- Origin: Mysłowice, Poland
- Genres: Dream pop
- Years active: 1998–2001; 2006; 2010–2011
- Label: Sissy Records
- Members: Artur Rojek Maciej Cieślak Mietall Waluś Jacek Lachowicz Arkady Kowalczyk
- Past members: Michał Koterba Bartosz Królikowski Wojciech Kuderski

= Lenny Valentino =

Polish dream pop band

Lenny Valentino was a Polish dream pop band from Mysłowice that formed in 1998. Its primary songwriter is vocalist and guitarist Artur Rojek of the band Myslovitz. The rest of the band's founding lineup consists of Mietall Waluś (bass), Michał Koterba (guitar), and Wojciech Kuderski (drums). They disbanded in 2001.

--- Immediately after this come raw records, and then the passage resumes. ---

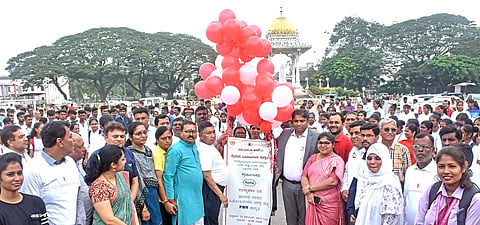 mysore
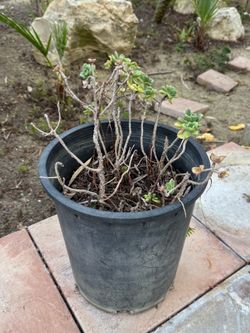 Aeonium Succulent Plant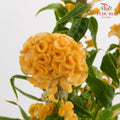 Celosia Yellow 鸡冠花 - (5 Stems)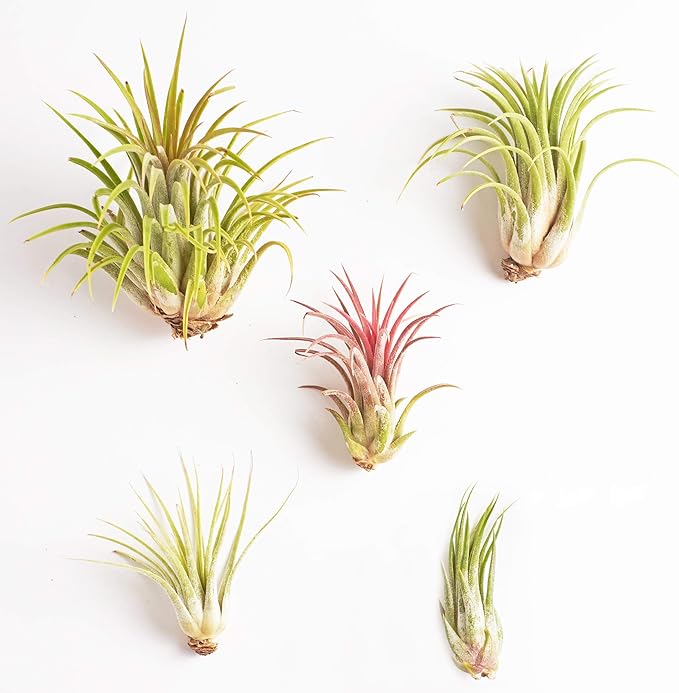 Shop Succulents Bromeliad Collection Hand Selected Variety of Tillandsia Ionantha, Purifying Live Indoor Air Plants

The band is named after the 1994 song "Lenny Valentino" by British band The Auteurs. Kuderski was replaced on drums by Bartosz Królikowski in 1999. In 2000, Lenny Valentino underwent further personnel changes and added all three members of Ścianka—Maciej Cieślak (guitar), Arkady Kowalczyk (drums), and Jacek Lachowicz (keyboard).

Their first and only album, Uwaga! Jedzie tramwaj (roughly: Watch out! The tram is coming), was recorded in April 2001 and produced by Cieślak. The album was released on 12 November 2001 on Sissy Records, a branch of BMG. Uwaga! Jedzie tramwaj received mostly positive reviews, including an MTV Poland award.

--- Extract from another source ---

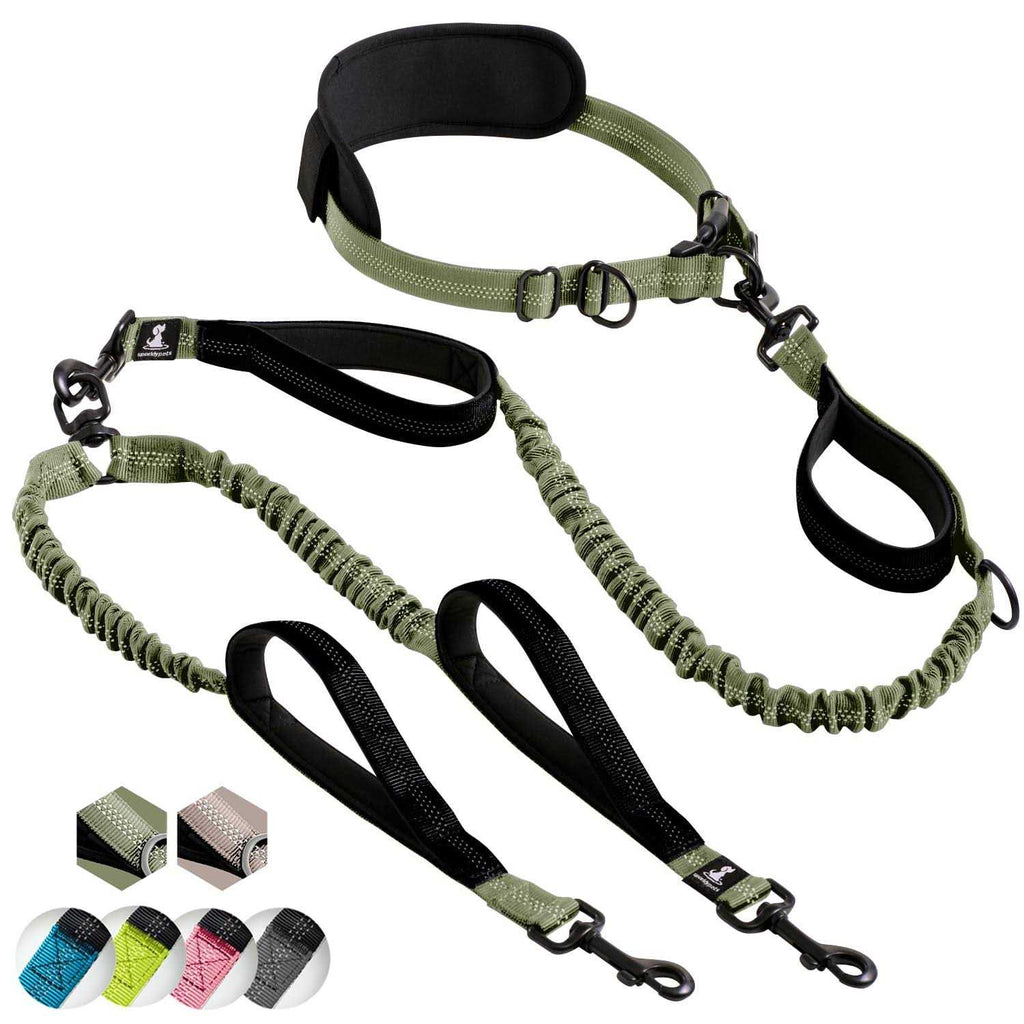 Hands Free Double Dog Leash V35983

After touring Poland in support of their album, Lenny Valentino disbanded in December 2001 and the members focused on other projects. Rojek continued to work with Myslovitz, Waluś focused on Negatyw's debut album Paczatarez, and the other three returned to Ścianka.

In 2006, they performed at Off Festival, of which Rojek is creative director, in their hometown Mysłowice.

==Members==
- Artur Rojek (1998–2001) — vocals, guitar; member of Myslovitz
- Mietall Waluś (1998–2001) — bass; member of Penny Lane, Negatyw, Kurtyna
- Michał Koterba (1998–2000) — guitar; member of Korbowód
- Wojciech "Lala" Kuderski (1998–1999) — drums; member of Myslovitz, Penny Lane
- Bartosz Królikowski (1999–2000) — drums
- Maciej Cieślak (2000–2001) — guitar; member of Ścianka
- Arkady Kowalczyk (2000–2001) — drums; member of Ścianka
- Jacek Lachowicz (2000–2001) — keyboard; member of Ścianka, Kobiety

==Discography==

| Title | Album details | Peak chart positions |
POL
| Uwaga! Jedzie tramwaj | Released: 12 November 2001; Label: Sissy Records/BMG Poland; Formats: CD; | 11 |
"—" denotes a recording that did not chart or was not released in that territory.